# [Required action]
The answer is one number. Say how many lines in the entries below include the word "trees".

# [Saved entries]
——————

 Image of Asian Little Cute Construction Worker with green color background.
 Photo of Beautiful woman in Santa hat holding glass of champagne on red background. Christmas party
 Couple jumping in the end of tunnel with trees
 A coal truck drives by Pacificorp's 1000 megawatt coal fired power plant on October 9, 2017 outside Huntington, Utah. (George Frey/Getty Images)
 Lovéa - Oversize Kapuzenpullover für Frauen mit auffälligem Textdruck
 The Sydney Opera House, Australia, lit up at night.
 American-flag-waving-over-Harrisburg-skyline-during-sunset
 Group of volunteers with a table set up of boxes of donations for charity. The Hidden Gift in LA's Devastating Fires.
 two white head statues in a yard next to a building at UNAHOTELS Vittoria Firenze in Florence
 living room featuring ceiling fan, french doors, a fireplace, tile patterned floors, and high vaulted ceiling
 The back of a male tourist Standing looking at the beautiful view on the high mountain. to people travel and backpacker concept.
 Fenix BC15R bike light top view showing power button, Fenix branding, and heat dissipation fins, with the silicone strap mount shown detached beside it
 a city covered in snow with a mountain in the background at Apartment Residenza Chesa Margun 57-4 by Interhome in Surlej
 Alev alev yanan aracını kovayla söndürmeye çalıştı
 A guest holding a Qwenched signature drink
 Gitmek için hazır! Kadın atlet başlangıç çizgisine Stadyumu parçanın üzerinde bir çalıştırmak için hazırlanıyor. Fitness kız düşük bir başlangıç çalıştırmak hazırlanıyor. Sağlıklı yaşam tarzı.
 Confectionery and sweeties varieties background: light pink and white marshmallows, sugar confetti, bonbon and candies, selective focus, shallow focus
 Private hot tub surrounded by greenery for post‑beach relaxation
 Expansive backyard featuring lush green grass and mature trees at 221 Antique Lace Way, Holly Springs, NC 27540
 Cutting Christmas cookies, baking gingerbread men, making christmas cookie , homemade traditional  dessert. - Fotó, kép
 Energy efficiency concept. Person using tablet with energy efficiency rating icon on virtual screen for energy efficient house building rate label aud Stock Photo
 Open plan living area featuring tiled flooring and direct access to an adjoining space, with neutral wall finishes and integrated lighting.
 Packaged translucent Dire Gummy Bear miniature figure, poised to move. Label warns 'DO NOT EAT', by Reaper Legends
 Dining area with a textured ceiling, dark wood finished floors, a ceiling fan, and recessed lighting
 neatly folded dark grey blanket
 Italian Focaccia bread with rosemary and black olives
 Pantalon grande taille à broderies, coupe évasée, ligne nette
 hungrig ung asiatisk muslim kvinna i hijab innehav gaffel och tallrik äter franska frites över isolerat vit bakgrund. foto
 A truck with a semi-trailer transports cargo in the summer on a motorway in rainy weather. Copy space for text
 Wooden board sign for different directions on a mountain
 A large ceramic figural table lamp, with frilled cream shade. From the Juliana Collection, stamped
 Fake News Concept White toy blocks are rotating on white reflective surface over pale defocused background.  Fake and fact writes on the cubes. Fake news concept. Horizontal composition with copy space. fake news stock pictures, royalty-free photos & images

——————

# [Task answer]
2